The stones thereof are the place of sapphires,
And it hath dust of gold."
We have thus explained the three principal services rendered by mountains, but some others remain to be mentioned.
Mountains have an important influence on climate. The climate of highlands everywhere has certain peculiarities which distinguish it from that of adjacent lowlands. The air resting on mountains is less dense than that of the lowlands, and hence has fewer molecules to obstruct the entering sunbeams by day, or to stop the outward radiation at night. Therefore mountain air must be cooler; and so we find that on mountains the mean, or average, annual temperature is lower. This rarity of the air causes the ground to become hotter by day and colder by night than the ground of the plains; and so the extremes of temperature are greater. These extremes are injurious to vegetation in the higher regions, and the want of moisture still more so. But mountain-slopes up to a certain height usually have a moist climate; that is, they have more clouds and rain than the surrounding lowlands. Below the region of snow there is generally a heavy growth of forest; and forests in their turn exercise an important influence, helping to collect moisture, and in various ways to prevent extremes either of heat or cold.

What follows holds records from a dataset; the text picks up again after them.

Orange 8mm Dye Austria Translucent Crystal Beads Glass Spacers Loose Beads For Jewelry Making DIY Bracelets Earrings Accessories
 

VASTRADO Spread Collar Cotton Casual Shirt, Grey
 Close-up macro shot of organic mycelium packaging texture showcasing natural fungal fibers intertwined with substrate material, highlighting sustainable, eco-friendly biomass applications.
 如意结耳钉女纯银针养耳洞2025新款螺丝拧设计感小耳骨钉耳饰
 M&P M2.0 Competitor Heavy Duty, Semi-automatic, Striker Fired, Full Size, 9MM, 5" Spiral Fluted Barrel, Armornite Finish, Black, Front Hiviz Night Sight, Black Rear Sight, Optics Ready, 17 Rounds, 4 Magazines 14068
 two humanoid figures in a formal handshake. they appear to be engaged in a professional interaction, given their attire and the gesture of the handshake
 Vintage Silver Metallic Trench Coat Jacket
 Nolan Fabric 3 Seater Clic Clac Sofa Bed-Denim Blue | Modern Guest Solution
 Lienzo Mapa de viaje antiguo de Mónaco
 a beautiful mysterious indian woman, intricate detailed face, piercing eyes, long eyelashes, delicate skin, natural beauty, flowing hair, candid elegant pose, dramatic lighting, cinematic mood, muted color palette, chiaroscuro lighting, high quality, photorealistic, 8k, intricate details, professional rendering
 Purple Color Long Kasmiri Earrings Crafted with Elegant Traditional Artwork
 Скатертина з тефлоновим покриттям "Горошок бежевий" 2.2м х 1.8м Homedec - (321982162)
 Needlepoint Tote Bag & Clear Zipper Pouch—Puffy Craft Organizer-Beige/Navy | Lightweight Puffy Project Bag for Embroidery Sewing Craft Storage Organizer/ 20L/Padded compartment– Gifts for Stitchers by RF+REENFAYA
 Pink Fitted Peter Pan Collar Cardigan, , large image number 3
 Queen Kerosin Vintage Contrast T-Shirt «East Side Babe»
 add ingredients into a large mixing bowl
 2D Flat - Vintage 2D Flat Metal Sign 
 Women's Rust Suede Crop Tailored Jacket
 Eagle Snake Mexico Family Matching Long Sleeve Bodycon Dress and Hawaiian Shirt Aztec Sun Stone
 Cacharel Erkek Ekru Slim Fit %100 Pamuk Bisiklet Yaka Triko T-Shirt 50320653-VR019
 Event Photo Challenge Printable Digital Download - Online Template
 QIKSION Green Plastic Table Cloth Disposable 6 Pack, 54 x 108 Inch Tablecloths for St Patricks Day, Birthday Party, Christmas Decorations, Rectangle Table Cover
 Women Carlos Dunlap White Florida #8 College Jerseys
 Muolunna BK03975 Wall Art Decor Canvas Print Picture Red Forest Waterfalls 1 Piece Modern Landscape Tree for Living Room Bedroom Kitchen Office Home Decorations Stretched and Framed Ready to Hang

The earth is divided into three well-marked zones or belts of climate: (1) The torrid zone within the tropics, where the sun is vertical twice a year, and days and nights are nearly equal; (2) The temperate zones, where the sun's rays come more obliquely, and so are less powerful, and where the length of day and night varies considerably; and (3) The frigid zones, round each of the poles, regions of intense cold, where for six months of the year the sun is never seen. Now, these broad divisions, so familiar to school children, are considerably interfered with by the height of various districts above the sea-level, or, as geographers say, by altitude. High ranges of mountains bring somewhat arctic conditions with them, even in low latitudes, where one would expect great heat. Thus the climate of the plains is very different from that of their neighbouring mountain-ranges, although their latitudes are practically the same. Travellers in Switzerland know how hot it can be in the Rhone Valley or in the plain of Lombardy, and how much cooler it is when you get up among the glaciers and the snowfields. Or to take an illustration from Great Britain: a hot summer would be somewhat trying in Edinburgh, Glasgow, or even Inverness, because they lie low, while among the Grampians, on Speyside, or Braemar, it would be very pleasant.
Vegetation follows climate. The sultry plains of the Ganges show a luxuriant tropical vegetation, while on the middle slopes of the Himalayas the climate is temperate, like that of Europe, and consequently the vegetation resembles that of a temperate region; and the highest parts of this great range are like polar latitudes in their climate, and partly also in their vegetation.
The arctic character of the climate of high mountain regions shows itself in the flora; for on the High Alps and the Highlands of Scotland and Norway, we find no small number of truly arctic plants whose home is much farther north. A very long time ago, when the climate of the whole of Northern Europe was extremely severe, and when great glaciers descended from the mountains into the plains, so that the aspect of the country was somewhat similar to that of Greenland at the present day, arctic plants and animals came down from their northern home, and flourished abundantly. This was during the Great Ice Age, which has left behind unmistakable evidences which the geologist can interpret as if they were written records. Then for some reason the climate became milder, the glaciers melted away, in Great Britain at least; but these arctic plants were left behind, and flourished still on the cool mountains, though they died out on the warm plains (see chap. iv., pp. [123]-[124]).